What did surprise me a bit, perhaps because I'm being a bit thick, is that with the default run configuration in IntelliJ 8.1, both mutable implementations hit an OutOfMemoryError, but the immutable collection did not. The immutable test did run to completion, but it did so very slowly -- it takes about 28 seconds. When I increased the max JVM memory (to about 200MB, not sure where the threshold is), I got the results above.
Anyway, here's what I really want to know:
Why do the mutable implementations run out of memory, but the immutable implementation does not? I suspect that the immutable version allows the garbage collector to run and free up memory before the mutable implementations do -- and all of those garbage collections explain the slowness of the immutable low-memory run -- but I'd like a more detailed explanation than that.
Implementations below. (Note: I don't claim that these are the best implementations possible. Feel free to suggest improvements.)
def mergeMaps[A,B](func: (B,B) => B)(listOfMaps: List[Map[A,B]]): Map[A,B] =
(Map[A,B]() /: (for (m <- listOfMaps; kv <-m) yield kv)) { (acc, kv) =>
acc + (if (acc.contains(kv._1)) kv._1 -> func(acc(kv._1), kv._2) else kv)
}
def mergeMutableMaps[A,B](func: (B,B) => B)(listOfMaps: List[mutable.Map[A,B]]): mutable.Map[A,B] =
(mutable.Map[A,B]() /: (for (m <- listOfMaps; kv <- m) yield kv)) { (acc, kv) =>
acc + (if (acc.contains(kv._1)) kv._1 -> func(acc(kv._1), kv._2) else kv)
}
def mergeMutableImperative[A,B](func: (B,B) => B)(listOfMaps: List[mutable.Map[A,B]]): mutable.Map[A,B] = {
val toReturn = mutable.Map[A,B]()
for (m <- listOfMaps; kv <- m) {
if (toReturn contains kv._1) {
toReturn(kv._1) = func(toReturn(kv._1), kv._2)
} else {
toReturn(kv._1) = kv._2
}
}
toReturn
}
Well, it really depends on what the actual type of Map you are using. Probably HashMap. Now, mutable structures like that gain performance by pre-allocating memory it expects to use. You are joining one million maps, so the final map is bound to be somewhat big. Let's see how these key/values get added:
protected def addEntry(e: Entry) {
val h = index(elemHashCode(e.key))
e.next = table(h).asInstanceOf[Entry]
table(h) = e
tableSize = tableSize + 1
if (tableSize > threshold)
resize(2 * table.length)
}
See the 2 * in the resize line? The mutable HashMap grows by doubling each time it runs out of space, while the immutable one is pretty conservative in memory usage (though existing keys will usually occupy twice the space when updated).
Now, as for other performance problems, you are creating a list of keys and values in the first two versions. That means that, before you join any maps, you already have each Tuple2 (the key/value pairs) in memory twice! Plus the overhead of List, which is small, but we are talking about more than one million elements times the overhead.
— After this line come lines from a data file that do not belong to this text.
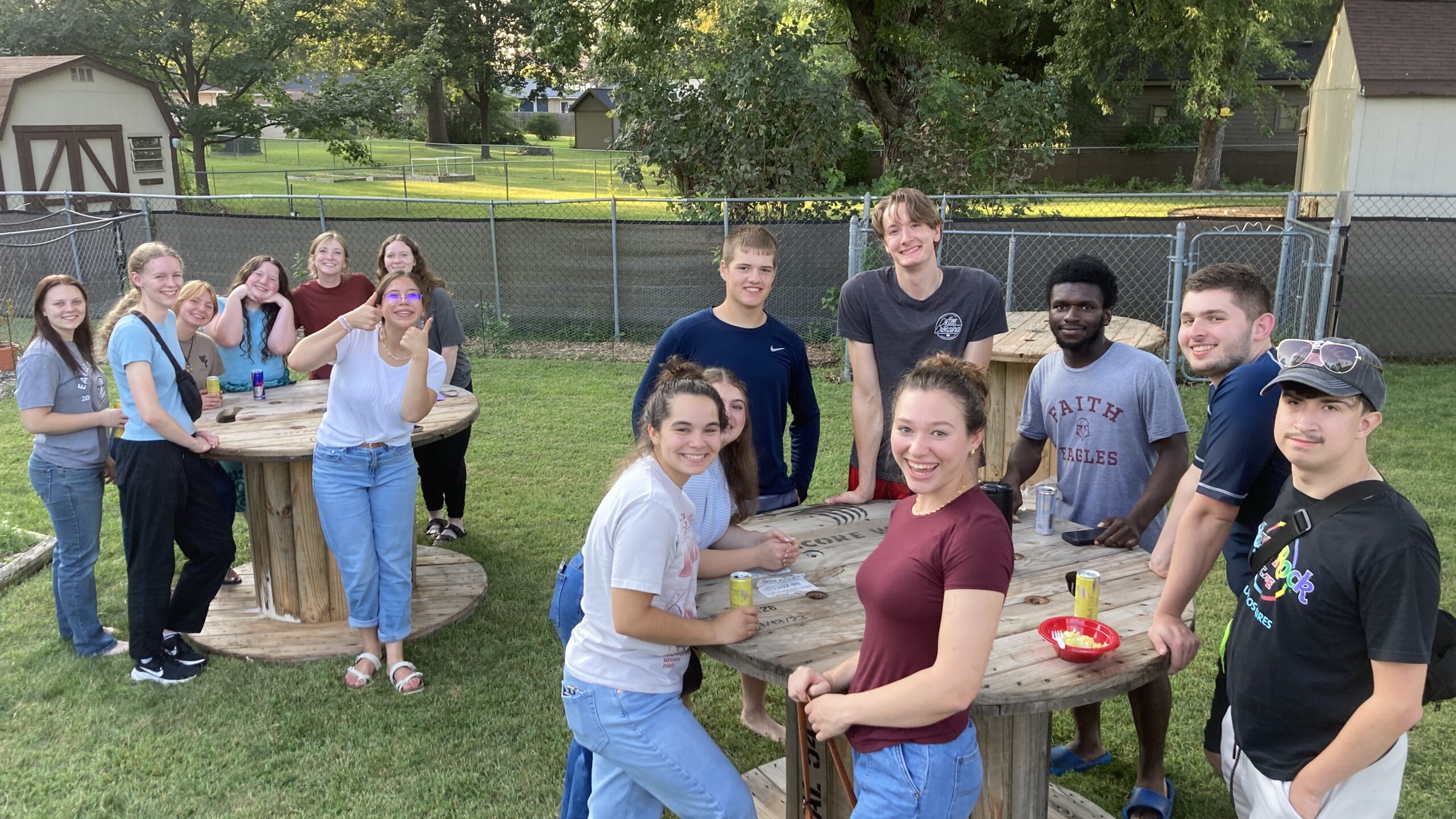 Students in the Huang Backyard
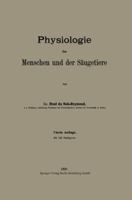 Physiologie Des Menschen Und Der Säugetiere 3662348152 Book Cover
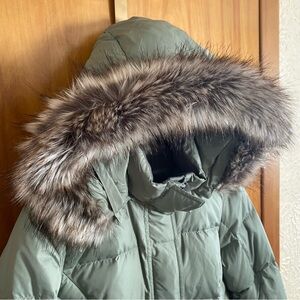 Eddie Bauer Full Length Down Puffer Long Winter Coat Women’s Small NWOT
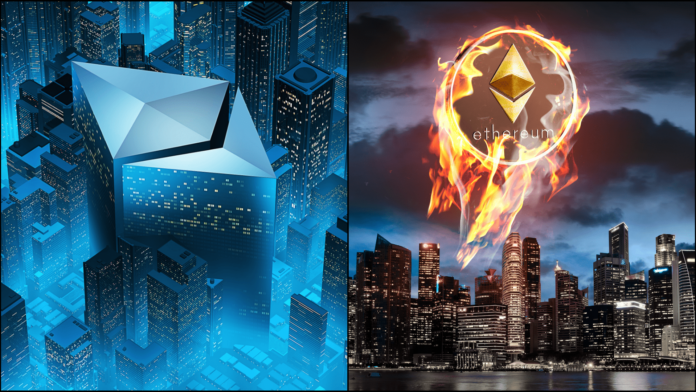 Ethereum je čoraz žiadanejšie. Zdroj: shutterstock.com/Sergey Peterman/increation87 Ethereum je čoraz žiadanejšie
You may want to use a projection, which avoids that. Unfortunately, projection is based on Stream, which isn't very reliable for our purposes on Scala 2.7.x. Still, try this instead:
for (m <- listOfMaps.projection; kv <- m) yield kv
A Stream doesn't compute a value until it is needed. The garbage collector ought to collect the unused elements as well, as long as you don't keep a reference to the Stream's head, which seems to be the case in your algorithm.
EDIT
Complementing, a for/yield comprehension takes one or more collections and return a new collection. As often as it makes sense, the returning collection is of the same type as the original collection. So, for example, in the following code, the for-comprehension creates a new list, which is then stored inside l2. It is not val l2 = which creates the new list, but the for-comprehension.
val l = List(1,2,3)
val l2 = for (e <- l) yield e*2
Now, let's look at the code being used in the first two algorithms (minus the mutable keyword):
(Map[A,B]() /: (for (m <- listOfMaps; kv <-m) yield kv))
The foldLeft operator, here written with its /: synonymous, will be invoked on the object returned by the for-comprehension. Remember that a : at the end of an operator inverts the order of the object and the parameters.
Now, let's consider what object is this, on which foldLeft is being called. The first generator in this for-comprehension is m <- listOfMaps. We know that listOfMaps is a collection of type List[X], where X isn't really relevant here. The result of a for-comprehension on a List is always another List. The other generators aren't relevant.
So, you take this List, get all the key/values inside each Map which is a component of this List, and make a new List with all of that. That's why you are duplicating everything you have.
(in fact, it's even worse than that, because each generator creates a new collection; the collections created by the second generator are just the size of each element of listOfMaps though, and are immediately discarded after use)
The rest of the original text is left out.